Брак как чувственная форма жизни в обществе, даже в модификациях новых времен, стремится ограничить обьем снов обьемом видения и качеством понимания мира тем социальным слоем, с которым, через действие брака, соотносят себя участники союза. Если это сны с общим домом, то это и местность, в которой построен общий дом, где дом — это сам брак, его намерения. Если это сны с родственником одного из супругов, то это и сны о тех снах судьбы, которые снятся родственникам. Поскольку приближение к другому человеку — это проявление смысловых и сновидческих местностей основного места жительства, то, в случае брака, это и овеществление этих преобладающих сил в судьбу. У каждой супружеской пары свое качество постоянства супружеских отношений, но сама идея такого постоянства является, как известно, частью смысла брачных отношений. От того, насколько благородно это постоянство, зависит полнота или опустошенность как снов, так и восприятия вообще. Биологическое намерение воспроизводства становится поставщиком энергии для той общественной формации, которая существует на данный момент и которая дала свое разрешение на право любить и заботиться о другом, об общем потомстве и вести, как это называется, совместное хозяйство. Та достоверность и красота, которая встречается в семейных отношениях и укрепляется этими отношениями есть производное глубокого золотого постоянства чего-то главного в человеке, болеескрытого, чем способ организации быта и мотив удобства постоянной возможности совершить половой акт.

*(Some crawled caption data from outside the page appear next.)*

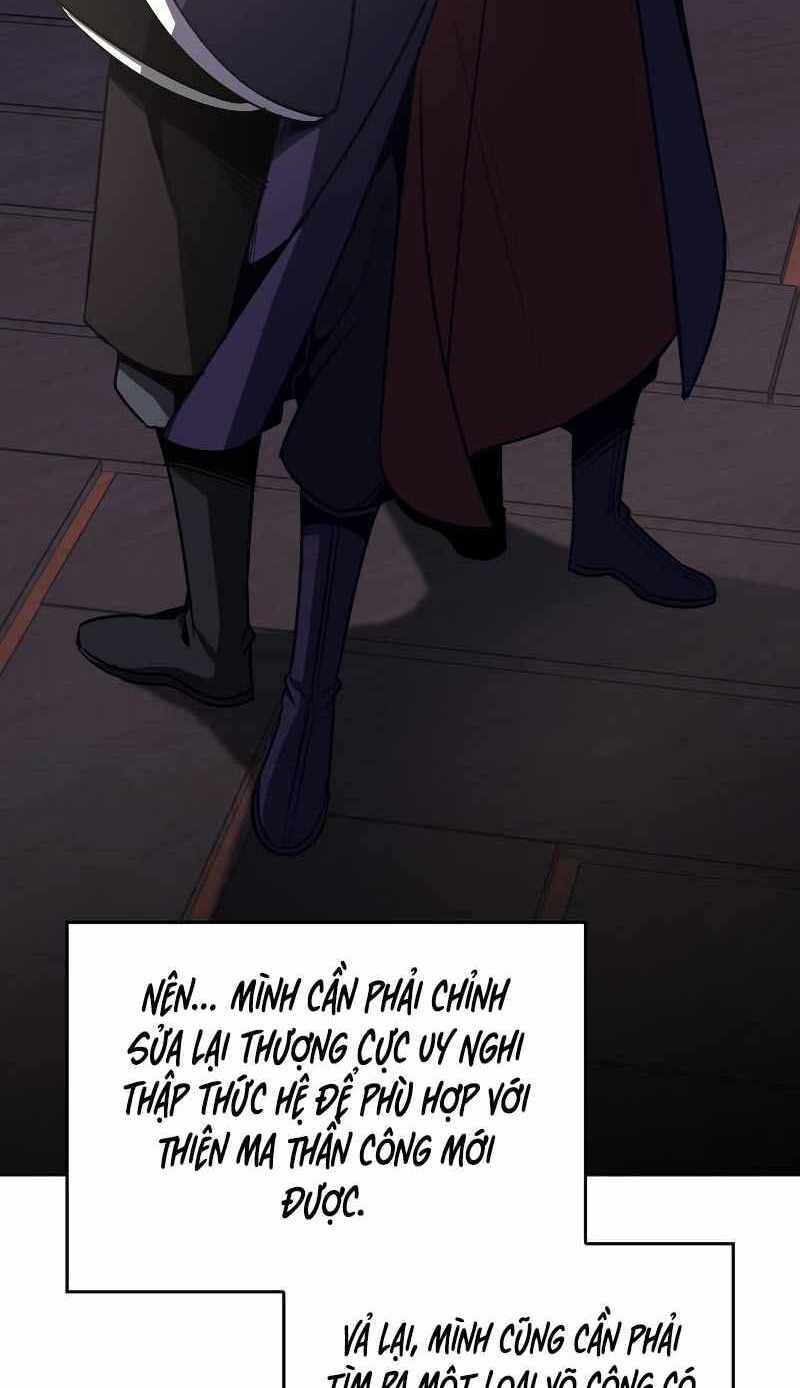 Trở Thành Con Gái Nhà Tài Phiệt chapter 70.5 14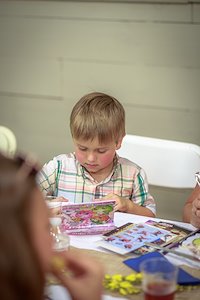 A photo in this story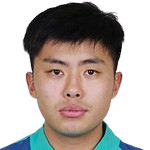 https://img.zhizhuzhibos.com.cn/img/football/player/b47f0e64a53535ac5af079434c45b64a.png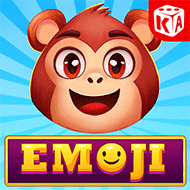 kagaming:Emoji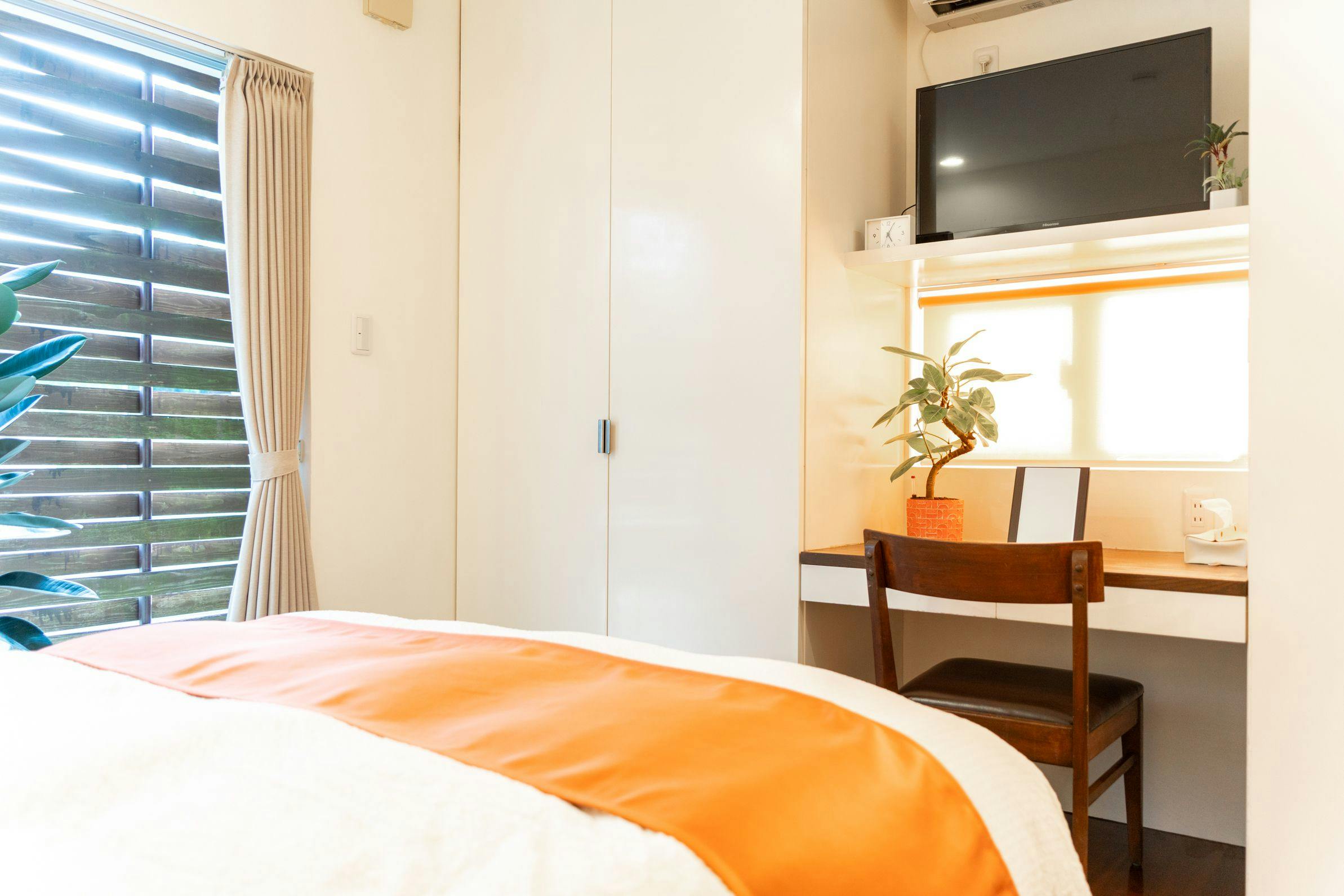 Comfort Villa YAGAJI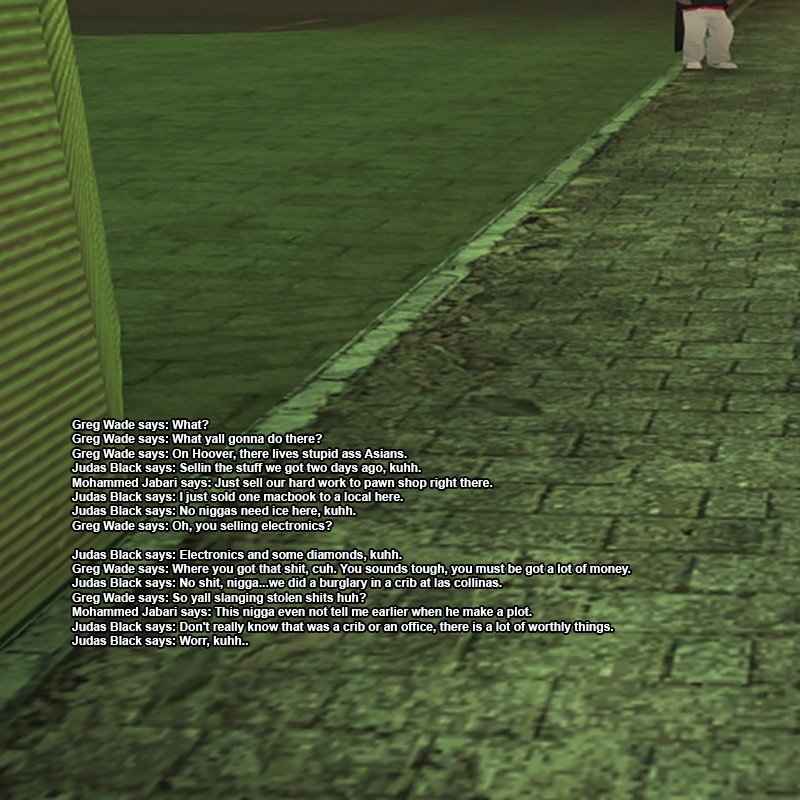 ss-633.png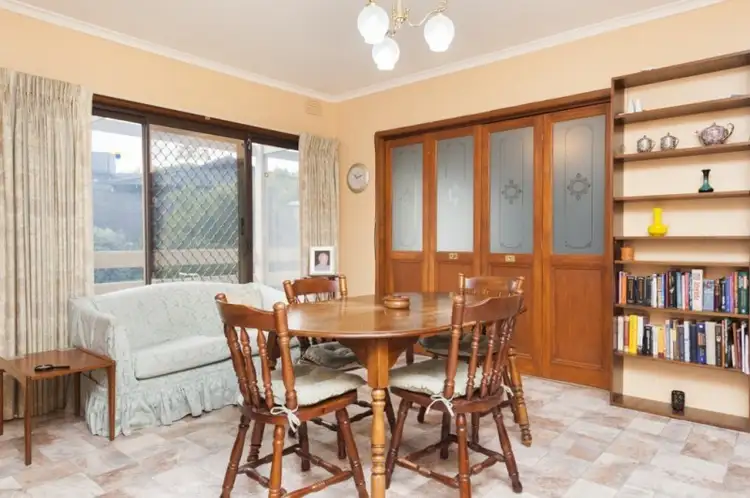 Fifth view of Homely house listing, Address available on request
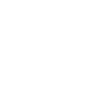 Simple Rose Stylish Rose Motif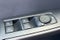 2027 Ford Super Duty F-350 SRW 2WD SuperCab 168 WB 60 CA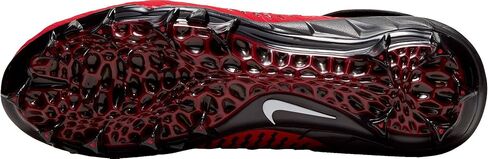 Nike mens Cleats in Saudi Arabia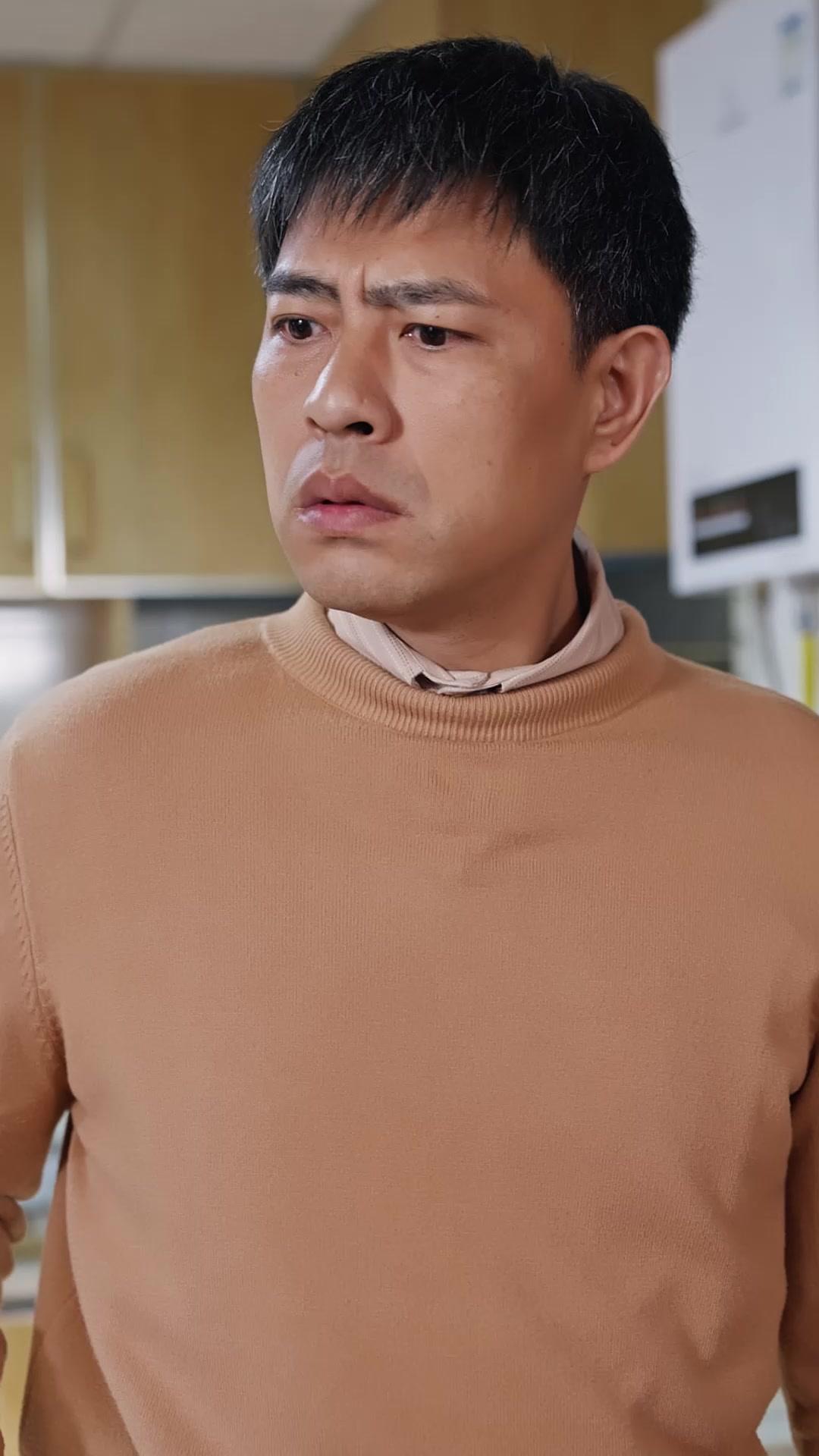 金錢的盡頭，是他們的下場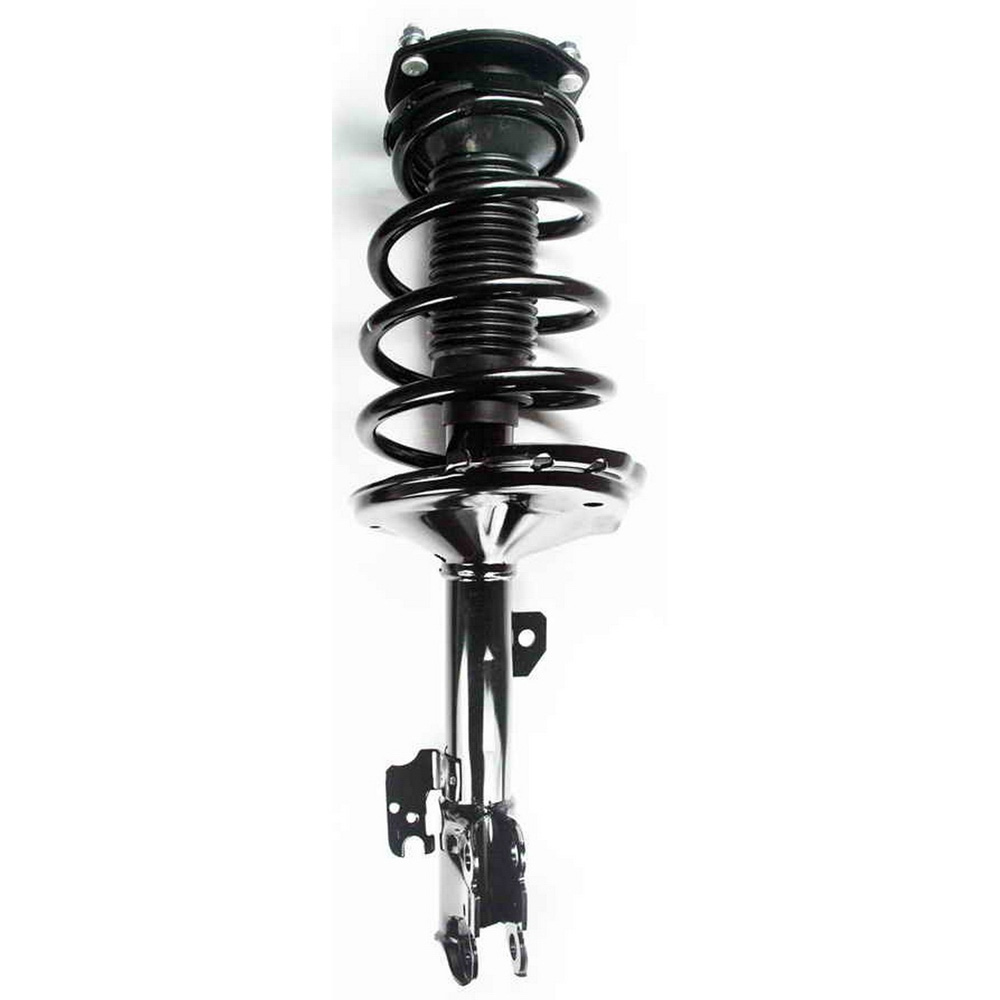 2004 Lexus RX330 Strut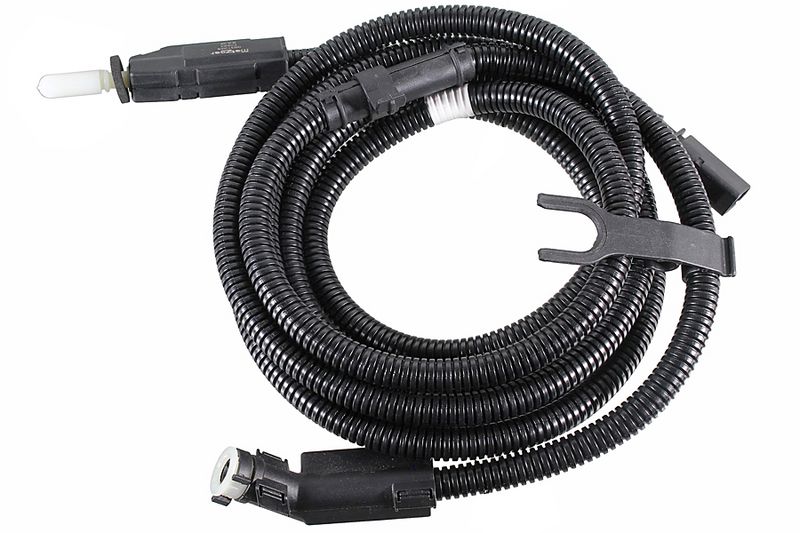 Prekė atitinka OEM kodą: 3Q0 131 984 T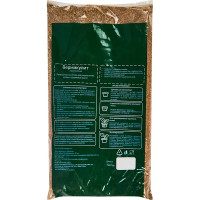 Удобрение Вермикулит 5 л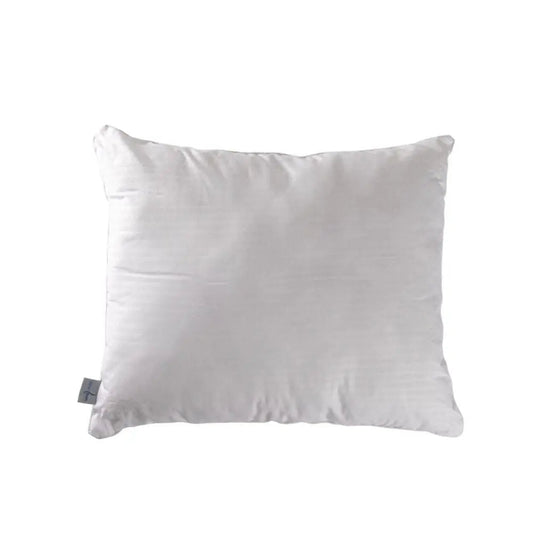 Memory Foam | Down Alternative Gel-Fiber Pillow | Traditional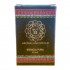 Esencia Palo Santo 10ml El Oro De Los Andes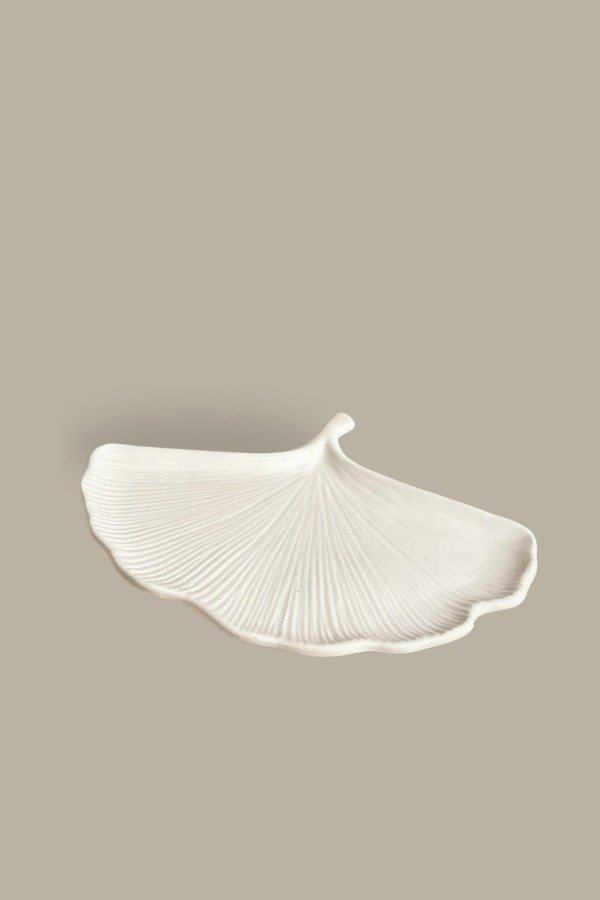 Producto - Bandeja Nimbo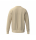 TS Sweatshirt beige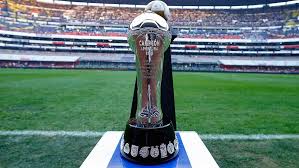 Aunque saben que la clave de. Liga Mx Apertura 2020 10 Datos Que Seguramente No Sabias De Las Finales De Los Torneos Cortos Marca Claro Mexico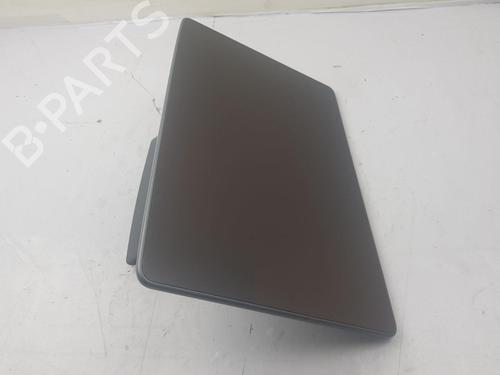 Radio TESLA MODEL Y (5YJY) Long Range Rear-Wheel Drive | BP38910863E6 - Image 2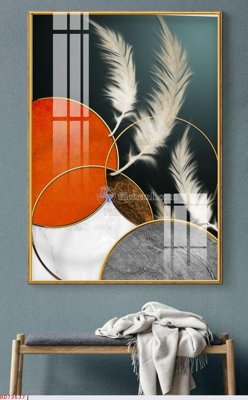 Tải file File bộ tranh treo hiện đại HD73637 (gốc) để in ấn ngay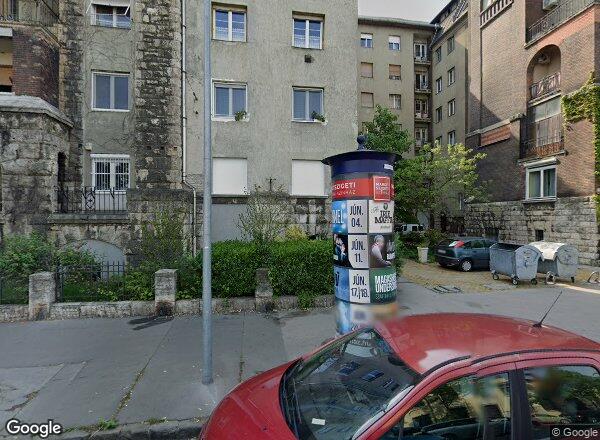 Lakásárak {{cím}}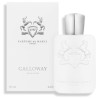 Galloway EDP 125 ml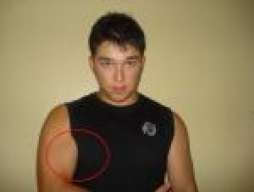 ivan galvez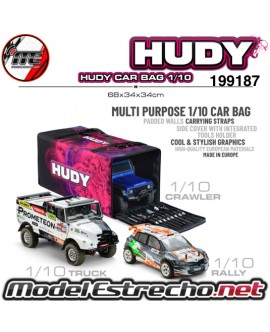 copy of MALETA COCHE 1/10 TOURING HUDY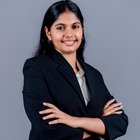 Nelmi Erandi Kudagodage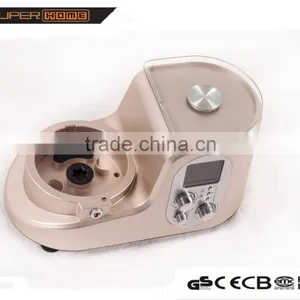 50/60HZ 550W Robot Cooker Meat Chopper thumbnail-5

Брак, как и любая другая социальная оценка опытов жизни, укрепляет поверхность энергетического существа человека. Как и другие длительныевременные действия, он формирует и глубину человека, но делает это, продолжая логику сосуществования вешей в той части материального мира, с которой имеет дело социум. То есть, это логика поверхности. Брак — один из основополагающих общественных шаблонов, и подразумевается, что в его создании никогда не участвуют только два человека, желающих быть вместе, а и все родственники с обеих сторон, все соседи по месту жительства родственников, все гости на свадьбе, размах которой должен соответствовать питающему социальному слою. Общие сны никогда не становятся сновидениями потому, что когда они открываются в сновидении они перестают быть общими. Качество жизни сгущается со временем в форме физического тела. Брачные узы, как видится автору, придают физическому телу некоторую грузность, иногда выражающуюся в характерной физической полноте — расширение таза, как у мужчин, так и у женщин, отвисший живот — или не выражающуюся физически. Те качества, которые мужчина или женщина использовали для привлечения к себе сексуального интереса и которые они извлекли из глубин своего существа на поверхность, показывая себя потенциальному супругу или супруге с лучшей стороны, должны быть, согласно смыслу брачного намерения, не просто оставлены за ненадобностью, а скрыты — как то, что уместно обнаруживать только с какой либо практичной целью. Эта смысловая структура проявляется потерей остроты интереса к жизни вне пределов собственного дома, оттенком неопрятной профанации в оценке как собственной жизни, так и жизни других людей, отсутствием свежести.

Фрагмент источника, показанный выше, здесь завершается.